Calling for a vote on the SARs, Chair Greg Ford said the issue came down to “timing of data versus studies,” and said he was confident the committee could work with the SDT and others involved in the process “to make sure that timing is there.” Members voted unanimously to endorse the SARs; they will now move to the Standards Committee, which will decide whether to approve them and assign a SAR drafting team.

Also before the committee this week was a SAR to modify MOD-031-3 (Demand and energy data). The measure, which was also brought by the SPIDERWG, would allow planning coordinators (PC) to “obtain existing and forecasted DER information from DPs or TPs” to ensure that the data “is available to the parties that perform reliability studies and assessments.”

Unlike the earlier SARs, SPIDERWG was only seeking reviewers from the RSTC, so no vote was needed. Secretary Stephen Crutchfield promised to email the draft SAR to the committee so that any interested members could volunteer.

Guidelines Approved

The RSTC also approved several reliability guidelines at this week’s meeting. Although these are not binding, their adoption is “highly encouraged” by NERC.

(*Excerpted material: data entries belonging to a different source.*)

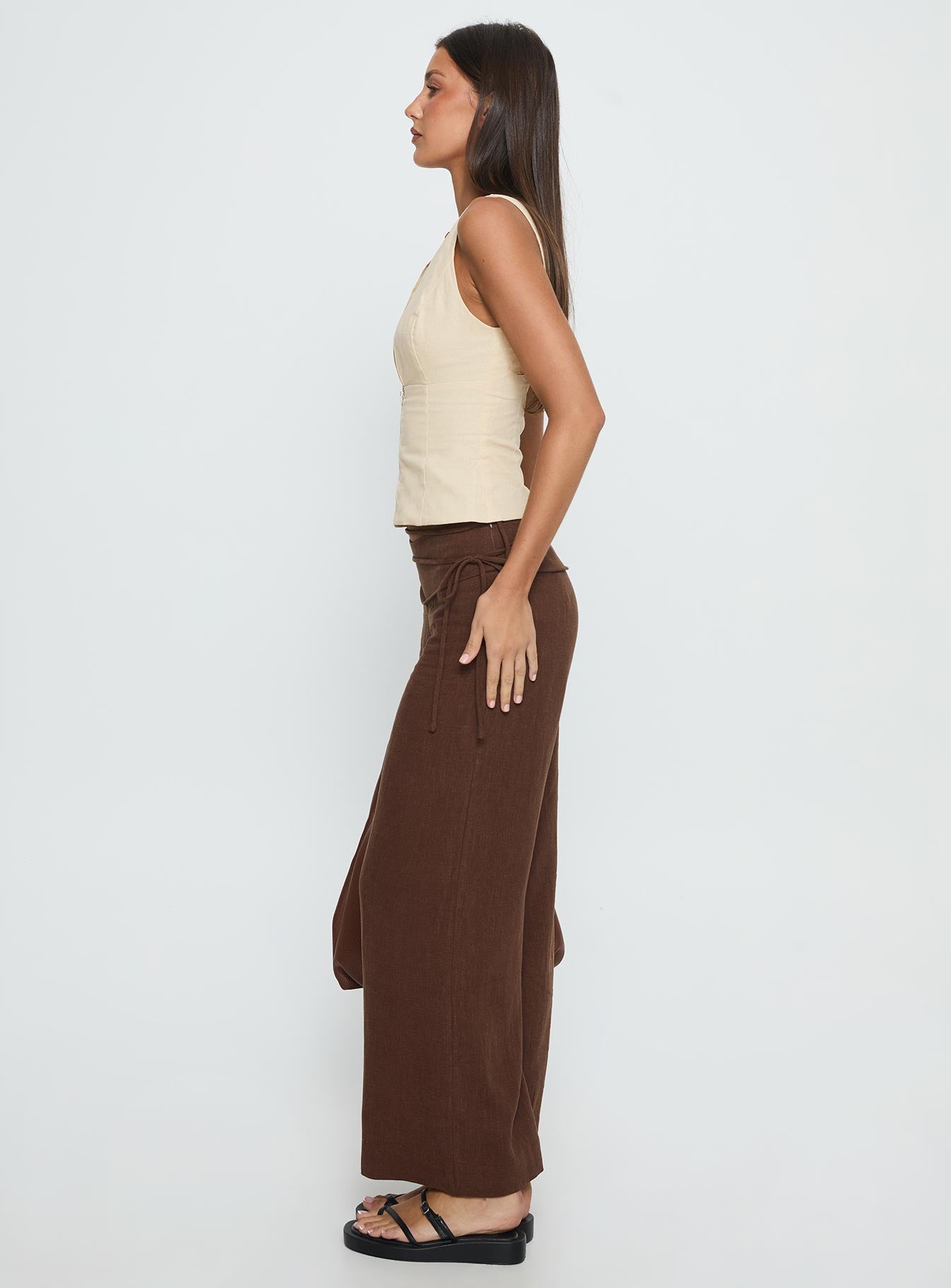 side view of model wearing Princess Polly Silver Moon Linen Blend Tie Pants Brown Mid Rise Pants 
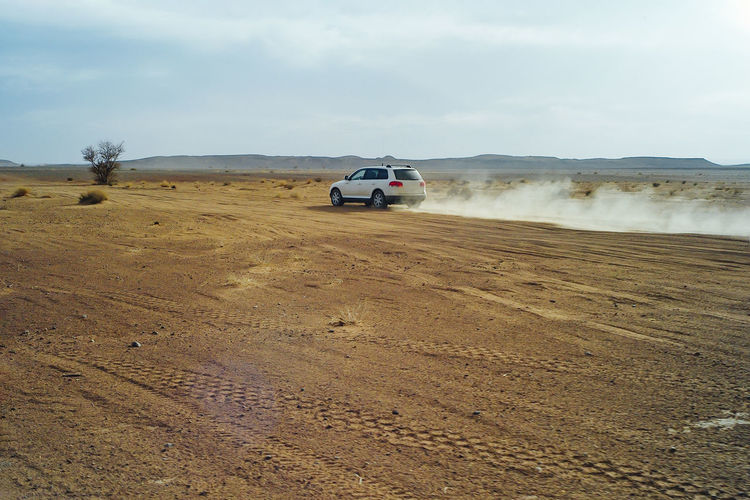 A 4x4 car at high speed through the desert of morocco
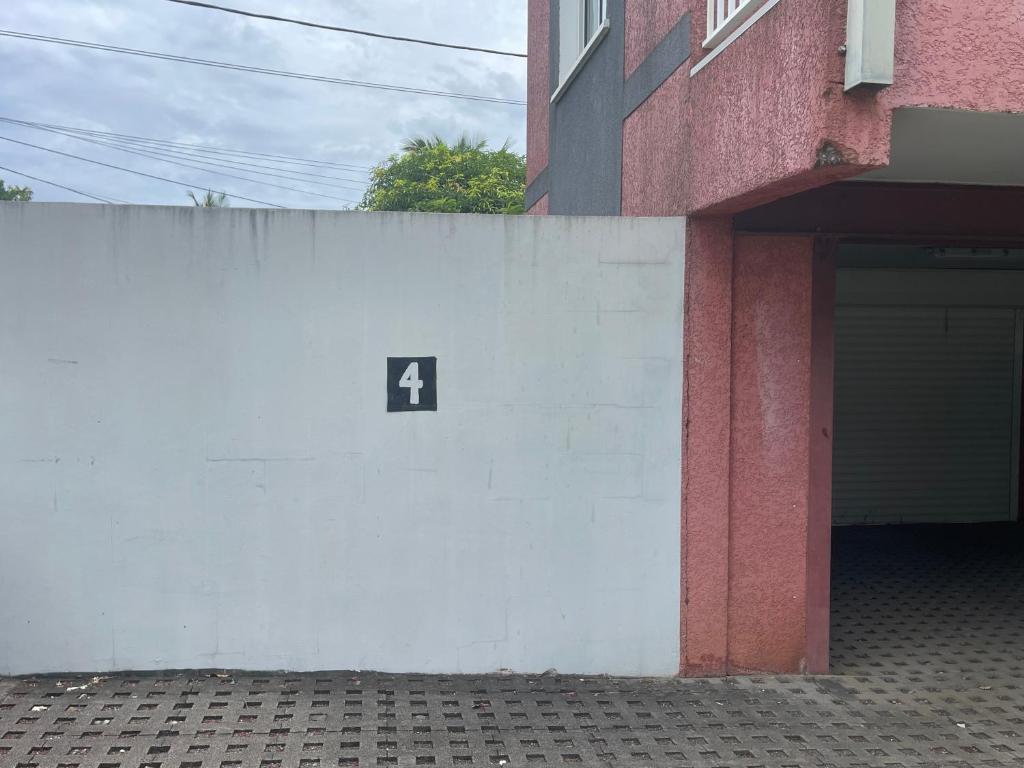 a white wall with a number four on it next to a building at CASA COLIVING avec chambre salle de bain individuelles privatives in Saint-Pierre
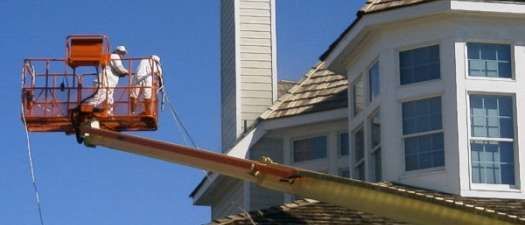 Workers in lift painting the exterior of a white house with a blue sky background.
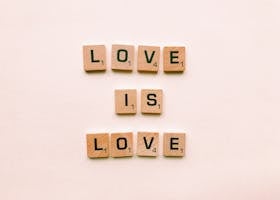 Wooden letter tiles forming 'Love is Love', symbolizing inclusion and pride.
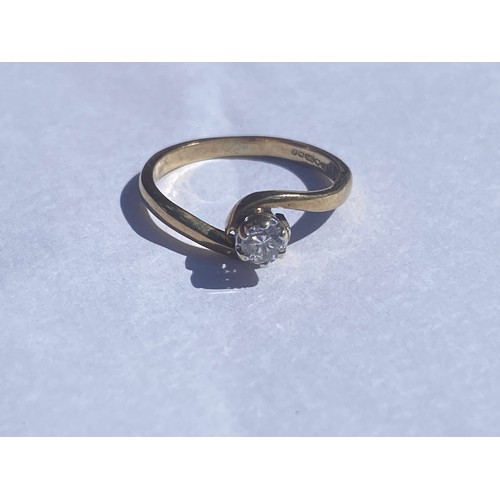 55 - A diamond single stone ring, set in 9ct gold -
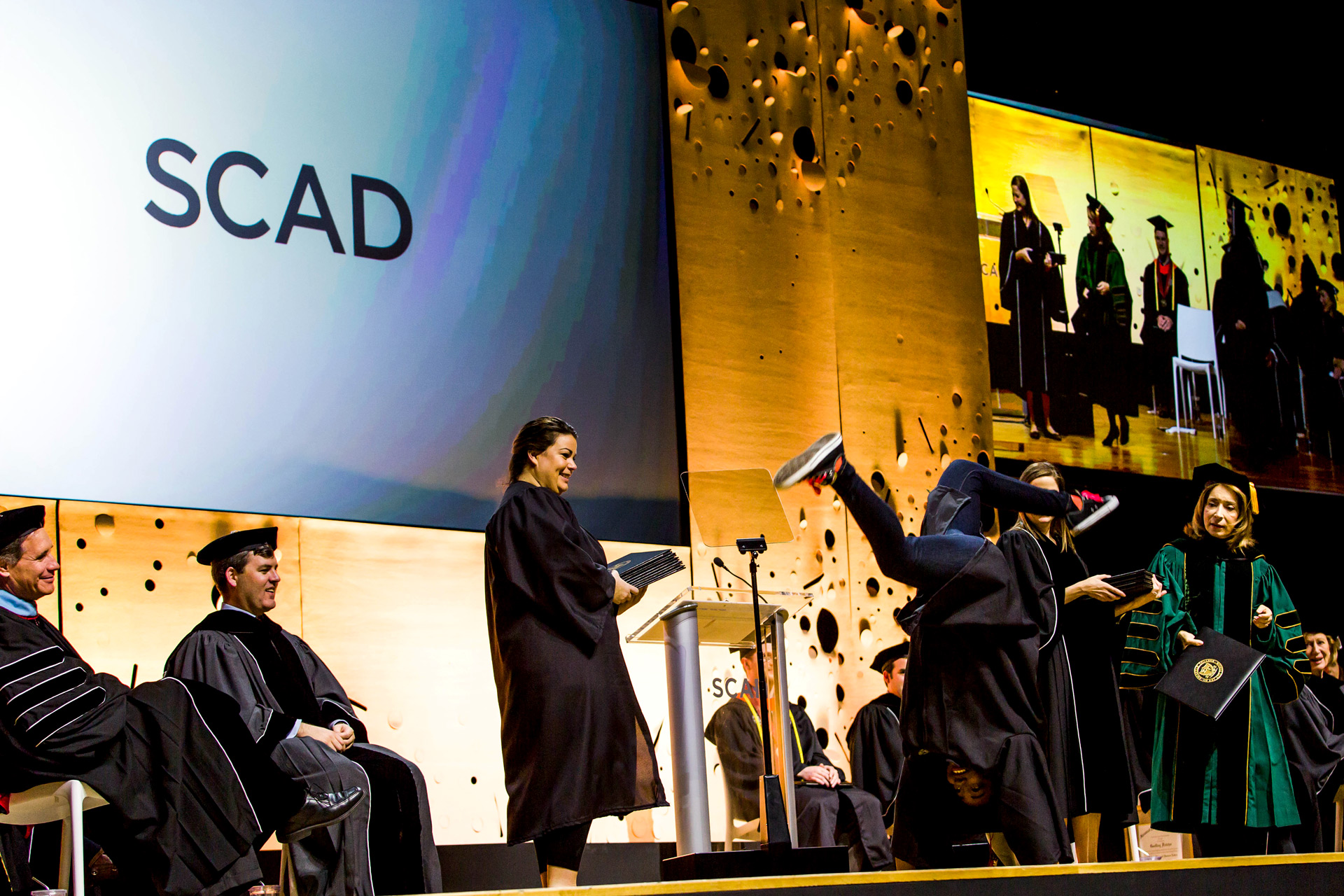 Graduate does handstand on stage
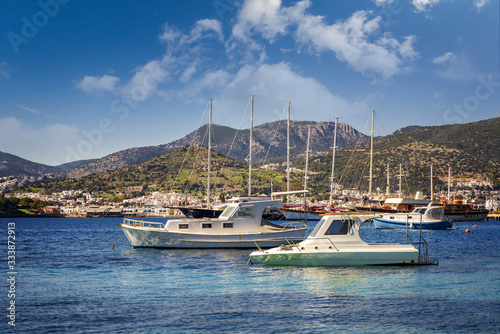 Beautiful landscape. Sea shore with clear transparent water and boats on the background of mountains and the city. Bodrum, Turkey, Mediterranean Sea. A popular travel destination.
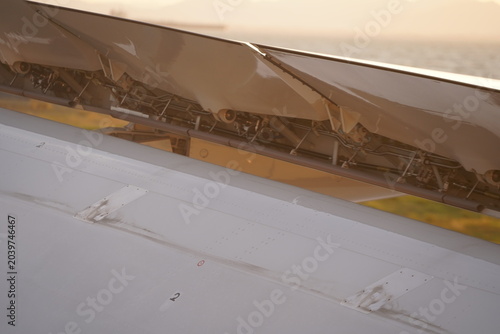 Close Up Airplane Wing Spoilers And Flap Mechanisms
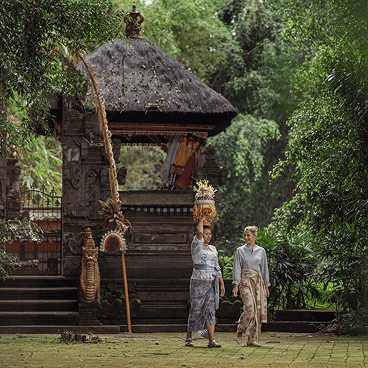 Guests walk through a serene temple garden with carved stone pavilion.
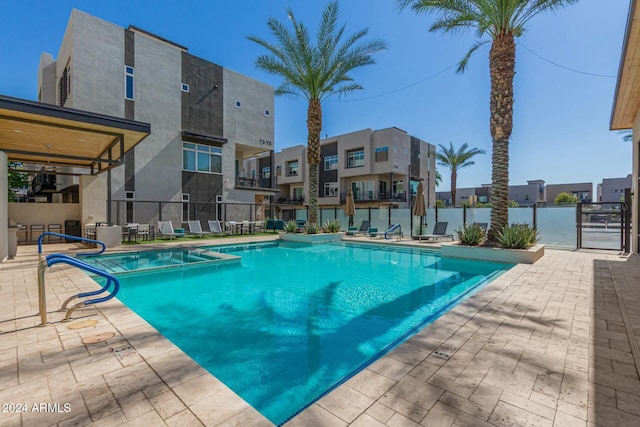 view of swimming pool featuring a patio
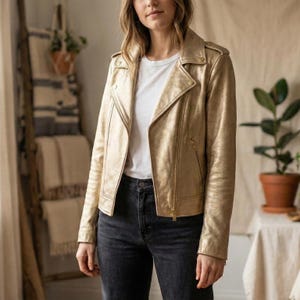 Puede incluir: Chaqueta de cuero dorada con cremallera asimétrica. La chaqueta presenta un cuello con solapas, charreteras y una silueta entallada. La modelo lleva una camiseta blanca y vaqueros oscuros.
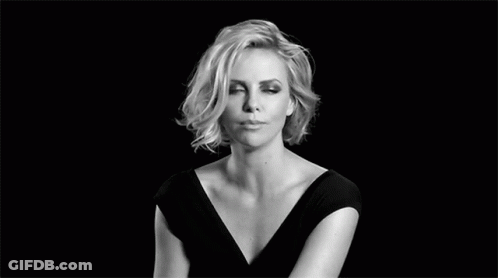 A Black And White Photo Of A Woman In A Black Dress Making A Face . GIF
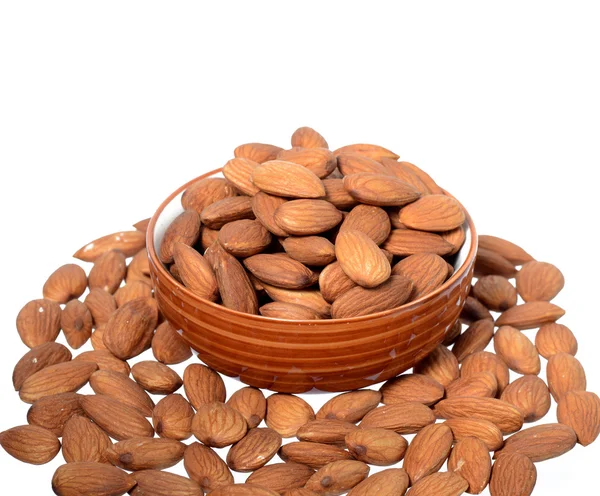 Almonds in a bowl with heap — Stock Photo, Image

The first guideline, “Electromagnetic Transient [EMT] Modeling for BPS-Connected Inverter-Based Resources,” was submitted by the Inverter-based Resources Performance Subcommittee (IRPS). Designed as a reference for TPs and PCs that are performing EMT studies during the interconnection study process, the guideline is intended to “serve as a foundation for future EMT modeling related activities of IRPS.”

Next was a guideline intended to inform utilities on the Institute of Electrical and Electronics Engineers’ (IEEE) Standard 1547-2018, which relates to the interconnection and operation of DER. Although the IEEE standard only involves resources that are connected to the distribution system — and therefore not subject to NERC jurisdiction — SPIDERWG felt a guideline was needed because the installation and use of DERs “require coordination between distribution and transmission entities.”

The Supply Chain Working Group brought to the RSTC a guideline on avoiding cyber supply chain security risks, while the Real Time Operating Subcommittee (RTOS) submitted guidelines on addressing cyber intrusions and on gas and electric industry coordination.